Play Back

旅、映画、食べ物、哲学?

無口な海

f:id:LeFlaneur:20210912222132j:plain

私の経験上、海が何か答えを出してくれたということはまずない。何か悩みを抱えて海までたどり着き、海を眺めるうちに、答えが出ることはほとんどない。

だけど、海は口数を減らしてくれる。それだけは確実なことだと思う。つまり、常日頃私たちはしゃべり過ぎていて、胸の内からくる声にも耳を貸さず、あれこれ言い訳ばかりしているが、海を前にすると、そう言った言葉が消えてゆく。

だから本当はこんなブログを書いていちゃいけないのである。
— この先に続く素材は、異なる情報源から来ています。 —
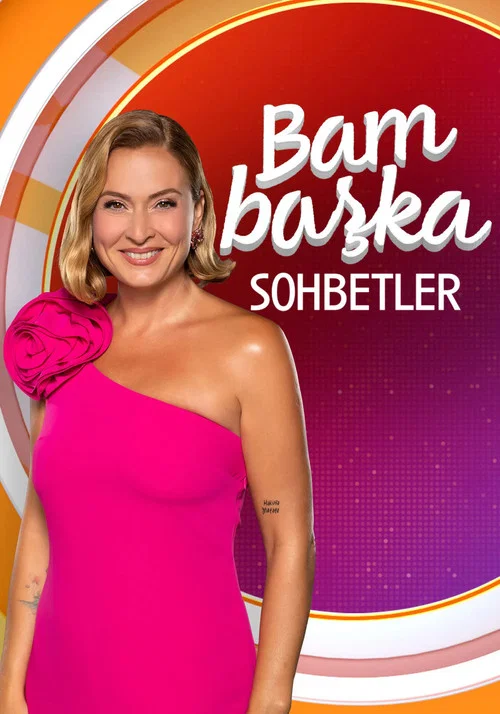 Bambaşka Sohbetler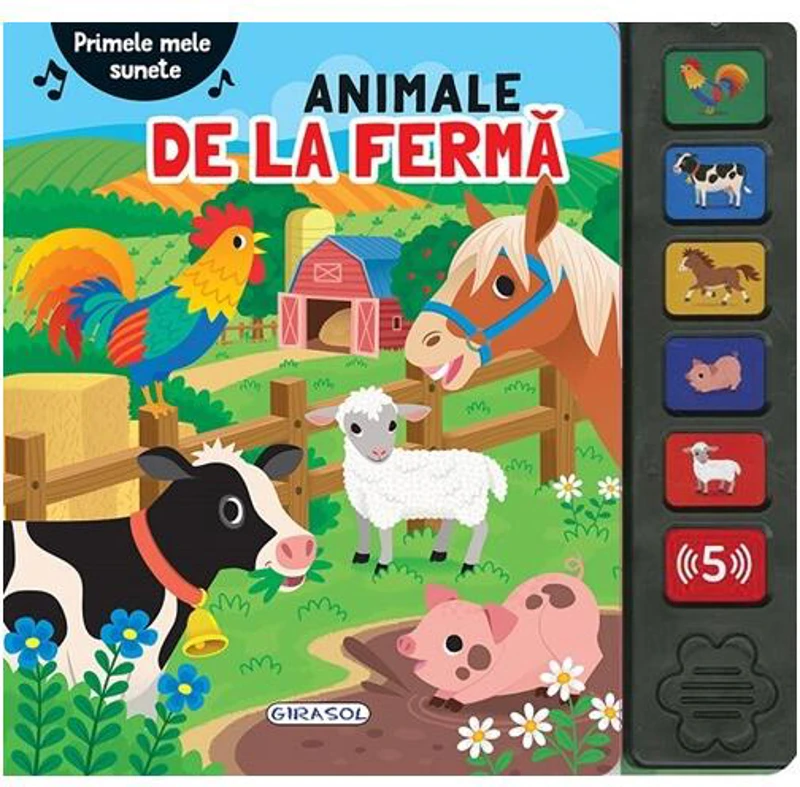 Primele mele sunete - Animale de la fermă - Hardcover - Cristina Garcia Ganga - Girasol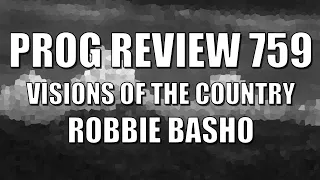 Prog Review 759 - Visions of the Country - Robbie Basho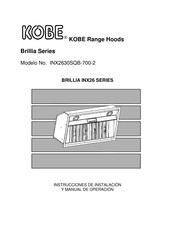 Kobe Range Hoods BRILLIA INX26 Serie Instrucciones De Instalación Y Manual De Operación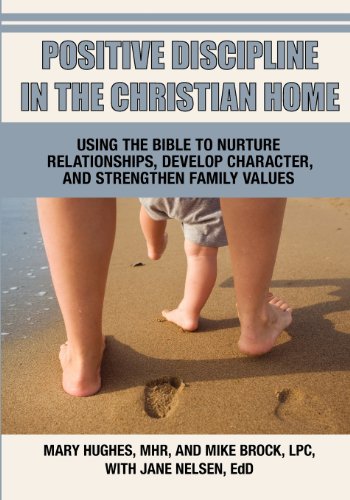Positive Discipline in the Christian Home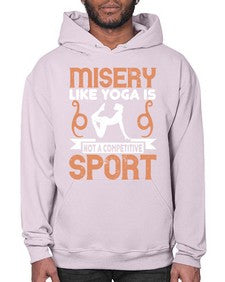 misery like yoga is not a competitive sport  425# - yoga- Hoodie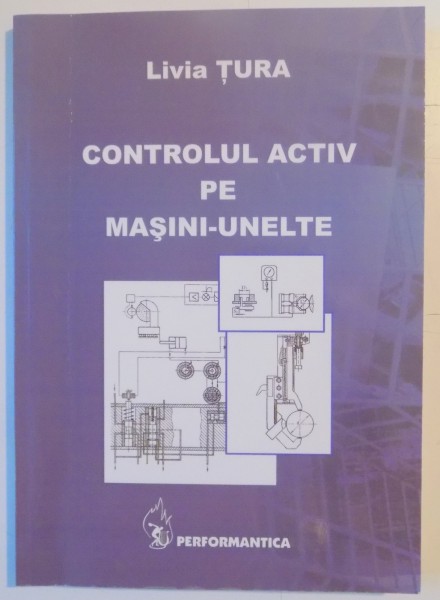 CONTROLUL ACTIV PE MASINI-UNELTE de LIVIA TURA , 2006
だけど、それでも、私はこうして書いている。今日、海に行った話をするためだ。

 

今日はそれが曇っていた。そして私は海はおろか、どこかに出かけようと心に決めていたわけではなかった。だが、昨日は部屋から一歩も出なかったし、自分の自由に使える日は、多くの人と同じく、二日しかない。とりあえず外に出ようとそれなりの服を着て、髭を剃り、髪を整えておいた。

だが、どこに行こうか、と思う段になって、何も思い浮かばなかった。そういう時、(最近は「そういう時」ばかりやってくるのだが)私は今住んでいる場所から遠くはない吉祥寺か、少し時間はかかるが気に入っているお茶の水・神保町界隈か、あるいは上野にいくことが多い。ほとんどルーティーン化している。それではつまらない。そう思いながら時計の針は夕方へと突入してゆく。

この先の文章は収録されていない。